The 30 Best Action Scenes in Movie History



10. Oldboy: the hallway

oldboy pic

The most integral element of a fight scene is meant to be invisible: visual coherence. The scene needs to make sense to our eyes. This is a partnership between the director of photography and the editor, as guided by the director. If it is overly handheld, or cuts too often, or breaks the 180 line for no reason, no matter how well choreographed it is, it risks being inscrutable.

That is what makes Chan-wook Park’s hallway fight, in which the protagonist needs to take out over a dozen men in the length of a slim hallway with only a hammer and his fists, so great. It is famous for its long take, which lasts nearly 3 minutes and depicts the entire confrontation. It is a feat of choreography and a functional (yet difficult to pull of) choice to do it in one shot.
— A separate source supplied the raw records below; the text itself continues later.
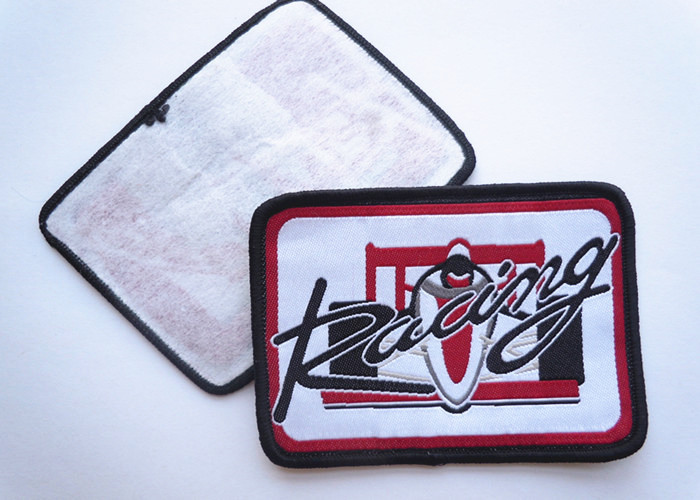 Polyester Woven Custom Clothing Patches Self Adhesive Embroidery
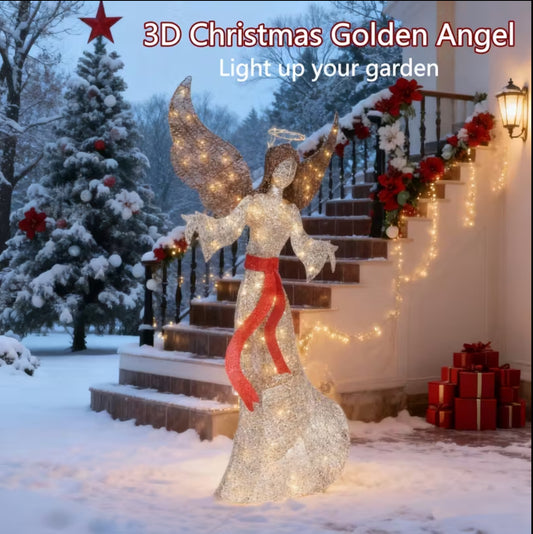 3D Golden Christmas Angel with LED Lights – Elegant Outdoor Lighted Angel Decoration with Sparkling Design & Red Belt, Weatherproof Holiday Yard Decor for Lawn, Garden & Courtyard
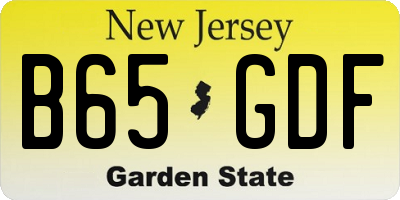 NJ license plate B65GDF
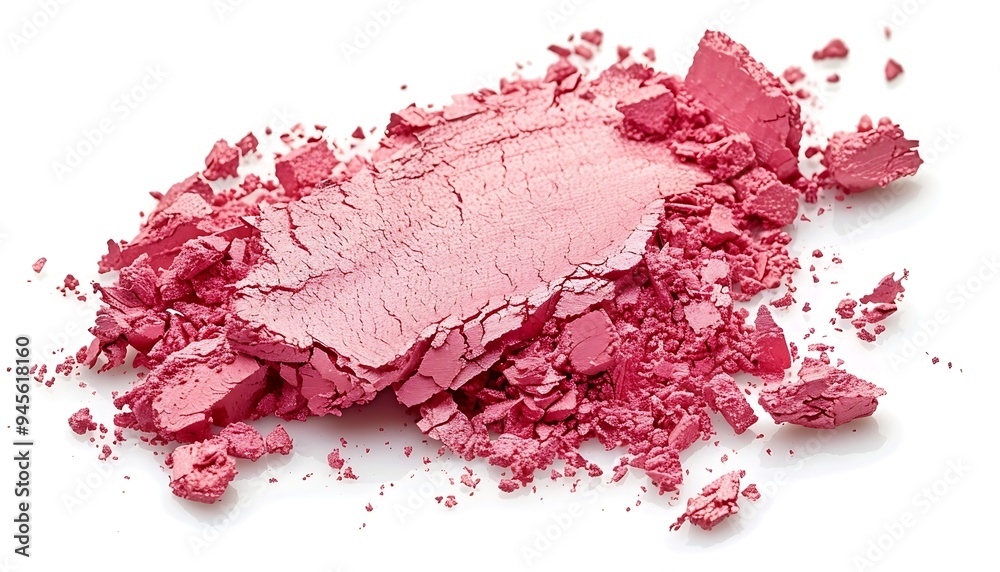 Fototapeta premium Crushed eyeshadow palette isolated on white background. Top view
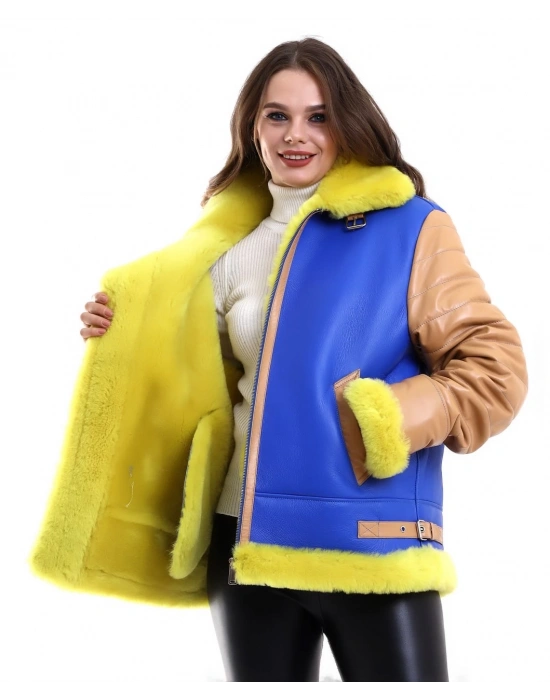 Kadın Koyun Derisi Pilot Hakiki Kürk - Sarı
9. Captain America: The Winter Soldier: Elevator Attack

Captain America The Winter Soldier Elevator Attack

By and large, the Marvel films that have taken over the multiplex have been well liked among both fans and critics. There is something to be said that, of all the robots and aliens and urban destruction, the most impressive action scene in any of them takes place in a one small, cramped box.
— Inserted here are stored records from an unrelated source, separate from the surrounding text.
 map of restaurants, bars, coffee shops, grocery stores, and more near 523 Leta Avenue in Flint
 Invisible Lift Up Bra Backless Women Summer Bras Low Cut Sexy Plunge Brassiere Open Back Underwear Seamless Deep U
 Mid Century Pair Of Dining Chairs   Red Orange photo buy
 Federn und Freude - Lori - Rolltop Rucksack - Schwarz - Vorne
At this point in the story, the eponymous hero knows too much, and secret forces inside the government want him taken out. The problem is, he’s Captain America. The solution? A sneak attack by 9 armed soldiers in an elevator. They enter a few at a time, at different floors so as to not arouse his suspicion.

The Russo brothers spend half the length of the 3 minute sequence studying the superhero as he slowly realizes what’s about to happen. He is outnumbered, outmaneuvered, and cornered. The directing here is key, and understands one great secret of a killer fight scene: make the audience beg for it. And when the claustrophobic brawl does come, it delivers.
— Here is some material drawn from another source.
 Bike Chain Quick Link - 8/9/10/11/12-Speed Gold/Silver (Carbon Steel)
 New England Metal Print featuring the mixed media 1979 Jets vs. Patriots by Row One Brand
8. Raiders of the Lost Ark: fist fight on the runway

Raiders of the Lost Ark

This here is pure cinema. Indiana Jones is a staple of so many childhoods, himself a throwback to movie serials dating back to the Depression era. Indy thinks he’s won the fight before it even begins – he takes out one bad guy, and is about to take out the pilot (unaware of his presence due to the loud whir of the engine), when Spielberg pushes in behind a massive, shirtless antagonist.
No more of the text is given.